First Unitarian Church of Dallas
- Formation: 1899
- Website: dallasuu.org

= First Unitarian Church of Dallas =

Unitarian Universalist church in Dallas

The First Unitarian Church of Dallas is a Unitarian Universalist congregation located in Dallas, Texas. It was established in 1899. The church has a history of social justice advocacy and has gained significant media attention in recent years for its role in supporting abortion access in Texas.

== History and architecture ==
The First Unitarian Church of Dallas was founded in 1899. Early in its history, the congregation faced challenges in finding a welcoming space, reportedly meeting initially at Temple Emanu-El due to other local churches' reluctance to host them.

The church's campus includes a building designed by architect Harwell Hamilton Harris, completed in 1950. Harris described his design as "a clearing in the forest," intended as a place of renewal within the city. In 2022, the church underwent a significant expansion that included new facilities. This project received an Award of Merit in the Cultural/Worship category from Engineering News-Record (ENR).

== Social justice advocacy ==
The First Unitarian Church of Dallas has a long-standing involvement with social justice, often taking progressive stances on civil rights.

- Racial integration: The church was an early adopter of racial integration in Texas. In the 1940s, under the leadership of Rev. Robert Raible, the church welcomed Black members, a decision that was seen as "groundbreaking" in the Dallas community at the time. Raible also became a vocal advocate for school desegregation, publicly criticizing the Dallas school board's delays.
- Civil rights movement: In the 1960s, the church provided a meeting place for civil rights organizations, including the Student Nonviolent Coordinating Committee (SNCC). Ministers from the church participated in the Selma to Montgomery marches, aligning with Dr. Martin Luther King Jr.'s efforts.
- LGBTQ+ rights: The congregation was one of the earliest churches in the United States to declare itself a welcoming and affirming community for lesbian, gay, and transgender individuals, beginning in the early 1970s. This commitment continued through the AIDS crisis, during which the church reportedly offered communion to Catholic gay men in its sanctuary.
- Interfaith cooperation: In the early 1970s, the church provided its library facilities to one of the area's first Muslim groups for prayer.

=== Abortion rights ===
In the 1960s, some members of the congregation assisted women seeking abortions by referring them to a doctor in East Texas, who performed the procedure illegally.

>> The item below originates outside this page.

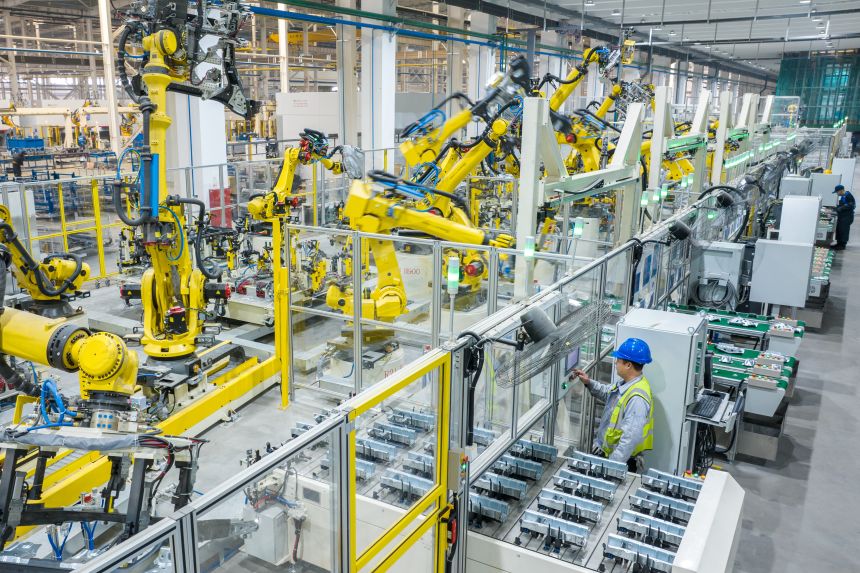 Robotic arms and employees work on the automated production line of new energy vehicle components at a workshop in Changxing County, Huzhou City, Zhejiang Province of China, on December 11, 2025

In 1969, the church began holding study groups about women and their roles in society. These meetings included discussions of reproductive rights and abortion, with the church inviting "members of Planned Parenthood, doctors and lawyers". Although early on members felt "conservatively" about abortion, they quickly became "passionate" about access to abortion. In 1970, the church's women's group met with Linda Coffee and Sarah Weddington. When the pair later filed Roe v. Wade, the women's group submitted "a key legal brief in support of reproductive choice" in support of the case. Prior to the decision, the church also organized trips to Texas' capital, Austin, to advocate for the repeal of anti-abortion legislation.

It was the first organization to join the Just Texas Reproductive Freedom Congregation movement, which launched in August 2021.

Following the 2022 overturning of Roe v. Wade, which eliminated the constitutional right to abortion, the First Unitarian Church of Dallas became an advocate for abortion access in Texas, a state with highly restrictive laws. The church's senior minister, Rev. Daniel Kanter, has publicly affirmed the church's moral imperative to support reproductive rights. The church is involved with the Clergy Consultation Service (CCS), a statewide initiative that assists Texans seeking abortion care, including facilitating travel to states where abortion remains legal, such as New Mexico. The church's actions are part of a broader movement among some faith leaders who frame abortion access as an issue of religious freedom and compassionate care.

In April 2024, the church opened the Truth Pregnancy Resource Center in Dallas, which offers "sonograms, pregnancy tests, and resources for adoption," as well as "information on contraceptives and out-of-state abortion resources". It was opened in part to counter crisis pregnancy centers, which aim to dissuade abortions.

== Notable people ==
- Robert Raible (1899–1983): Served as minister from 1942 to 1971. Raible was a significant figure in the church's early integration efforts and a vocal advocate for civil rights. His sermons on school desegregation garnered widespread media attention in Dallas.
- Laurel Hallman: Served as Senior Minister from 1987 to 2009, during a period described as "unprecedented growth" for the church.
- Daniel Kanter: Senior Minister since 2009, Kanter is known for his leadership in the church's contemporary social justice initiatives, particularly in the realm of reproductive rights.